小林武彦氏(愛生館コバヤシヘルスケアシステム理事長)

 「人々の人生をより豊かにします」という使命の下、愛知県碧南市で小林記念病院や小規模多機能ホーム、老人保健施設「ひまわり」、訪問看護ステーション、特養「ひまわり」、などを運営する「愛生館コバヤシヘルスケアシステム」には、全従業員が会議などで必ず携帯する冊子があります。それは「愛生館フィロソフィ」という経営指針。かつて倒産の危機に直面した際、小林武彦理事長が京セラ名誉会長の稲盛和夫氏に学び、自ら作成しました。小林理事長は、「全従業員のベクトルを合わせて進む。自分の概念を変更する努力をしないと経営は難しい」と語ります。
 

■ 医師を目指した動機
 

 このブログインタビューをいつも興味深く読んでいます。みなさん、それぞれの個性が非常によく出ていますね。同じ質問でも答えがまるで違う。私も多くの先生方と同じように医師の二代目でして、やはり父の影響を色濃く受けて育っているんだなというのは感じます。

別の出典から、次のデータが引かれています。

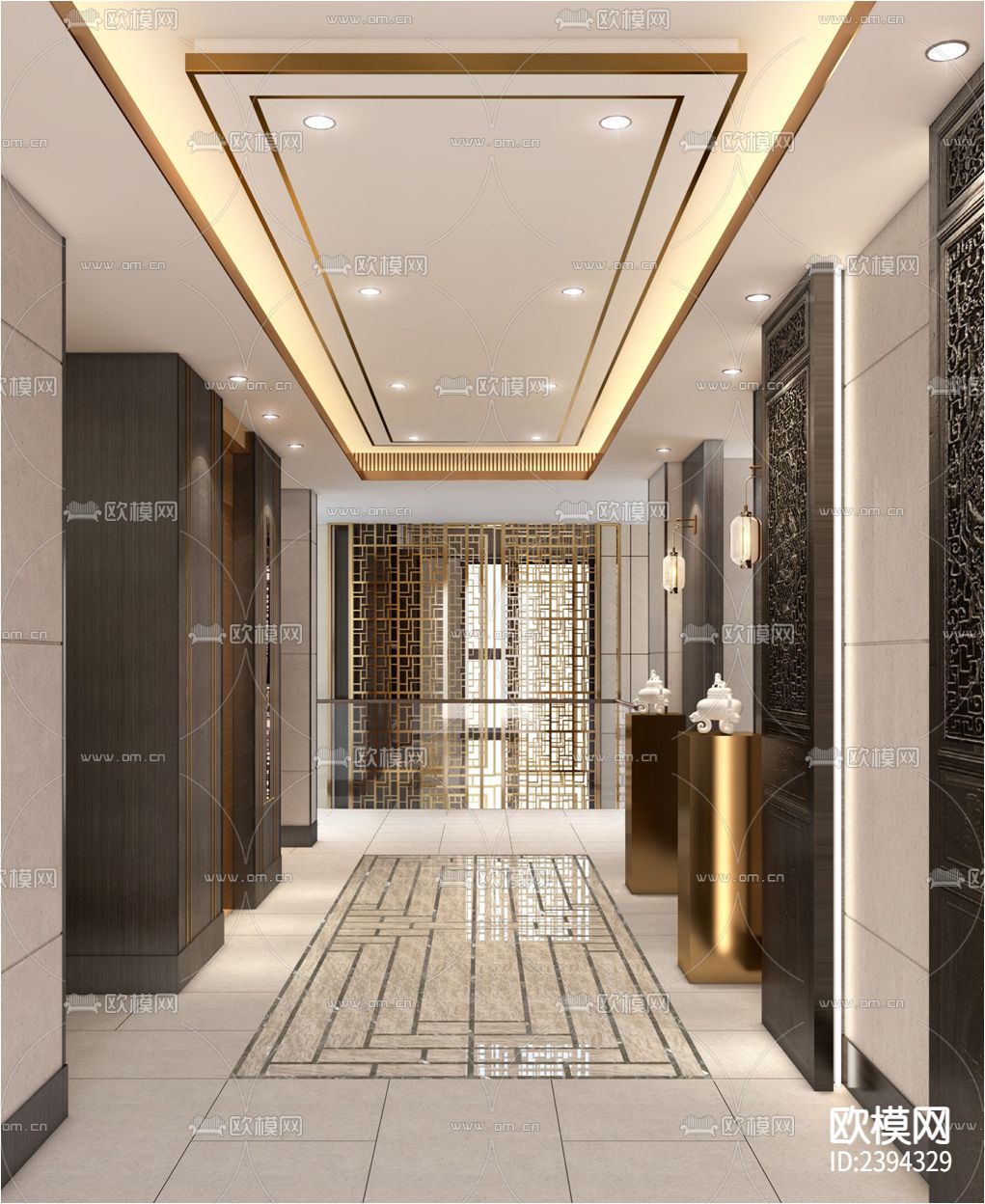 别墅样板间CAD施工图下载（渲染图3）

 父は最近、97歳で亡くなりました。大正4年生まれで、旧制中学時代に結核におかされました。父の実の妹も結核で亡くなっていますから、非常に悩んだようです。そんなこともあって、キリスト教に帰依していたんですね。父の人生では、キリスト教が非常に大きなウエイトを占めています。父の人生を左右したものはキリスト教と戦争でしょうか。キリスト教信者で医者ということで、かの有名な聖路加国際病院の日野原重明先生とも非常に親しいお付き合いがあったようです。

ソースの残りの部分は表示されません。